On lecture
For some time we have supposed that facilitating discussion is the appropriate stance for the teacher: that learning manifests in the students' ability to speak for themselves, and that the classroom happenings which form the memories that constitute that learning can only be participation in the discussion itself. Carried to its extreme, this logic interprets strong intervention on the part of the teacher as stultifying dominance. It leads then to a classroom modality of constant restraint, withholding, leaving space.
Though this modality has become familiar, perhaps we have carried it to its logical extreme; maybe it is now time to consider what lies beyond it. For the assumption, that our interventions displace the students', that the weight of our disproportionate power in the classroom means that any use of it risks harm, must itself have a limit. Cautiously (for the understanding of teaching that we have arrived at thus far has served us well), we can look beyond it and wonder whether and where a more robust intervention may not be entirely unhelpful.

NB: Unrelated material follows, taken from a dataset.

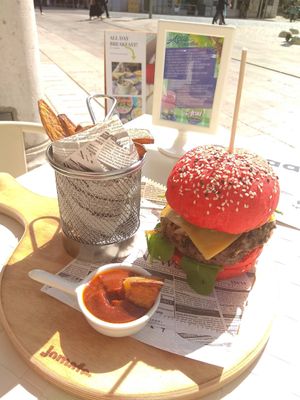 Flamming B, simply gorgeous at Café Garrett by Ohana in Lisbon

The trap set by the stultifying master, laid out by Rancière in Le maître ignorant, consists in the inability of the master's inability to release their grasp on disciplinary power. The student is trapped in a discursive and conceptual prison: the exits are all guarded by the stultifier's hold on the norms of discipline and the institutional levers which confer formal credentials. The student can step outside only through rebellion, which is contingent on a recognition of their position which must derive from somewhere other than the master.

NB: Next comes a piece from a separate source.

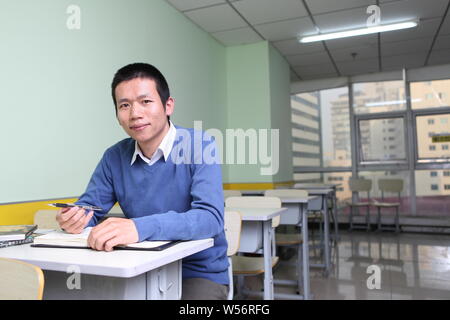 ---- Zhang Bangxin, Vorsitzender der TAL Bildung, posiert für ein Foto in Peking, China, 19. Oktober 2012. Eine Wertpapierfirma vereinbart zu zahlen Stockfoto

But if the student is not trapped, if the exits and paths are constantly illuminated and elaborated by the teacher who themself, however imperfectly, has achieved some measure of intellectual emancipation, then the teacher's interventions are not necessarily just so many bricks in the wall (so to speak). If each one is modest in its aims, is offered and not imposed, creates without destroying, bends without breaking, then they could be liberating toeholds which contribute to, and do not only take away from, the students' learning.